● **What the task asks**: Reproduce the listing below character for character; drop every image.

● **Recorded information**:
========
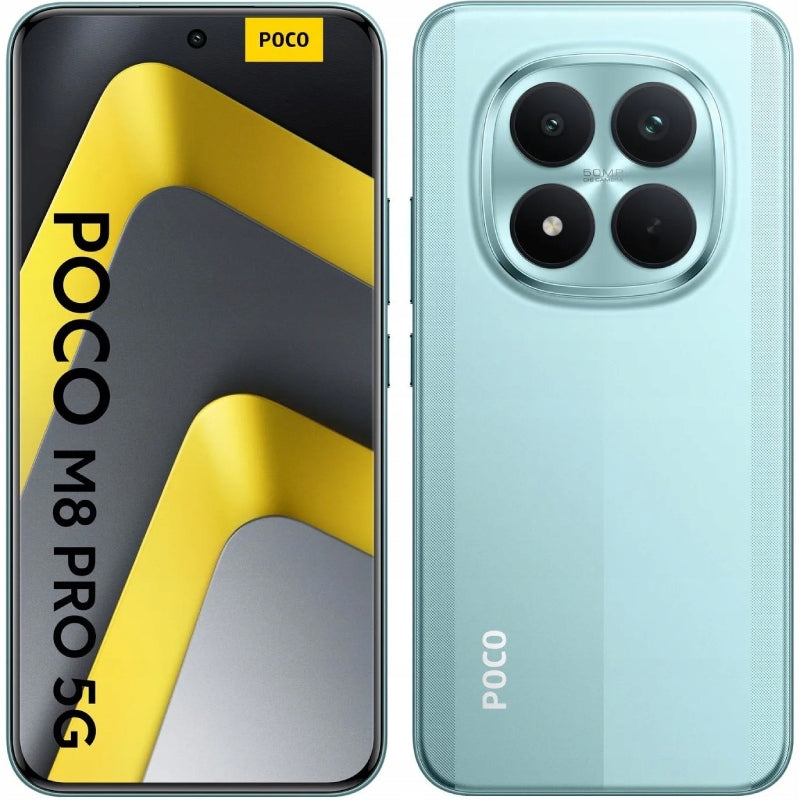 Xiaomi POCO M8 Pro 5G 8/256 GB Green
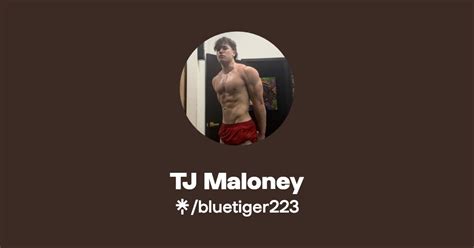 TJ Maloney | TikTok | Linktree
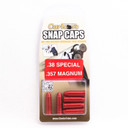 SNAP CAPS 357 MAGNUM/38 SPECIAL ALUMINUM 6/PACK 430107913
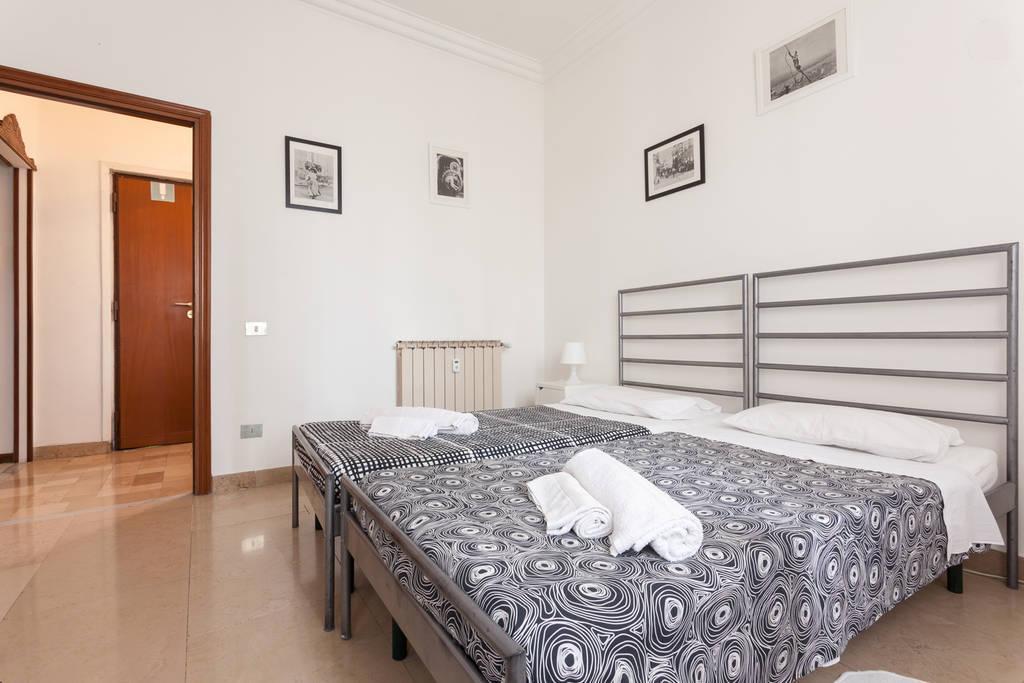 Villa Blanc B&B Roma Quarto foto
========
● **Task result**:
 Xiaomi POCO M8 Pro 5G 8/256 GB Green
 TJ Maloney | TikTok | Linktree
 SNAP CAPS 357 MAGNUM/38 SPECIAL ALUMINUM 6/PACK 430107913
 Villa Blanc B&B Roma Quarto foto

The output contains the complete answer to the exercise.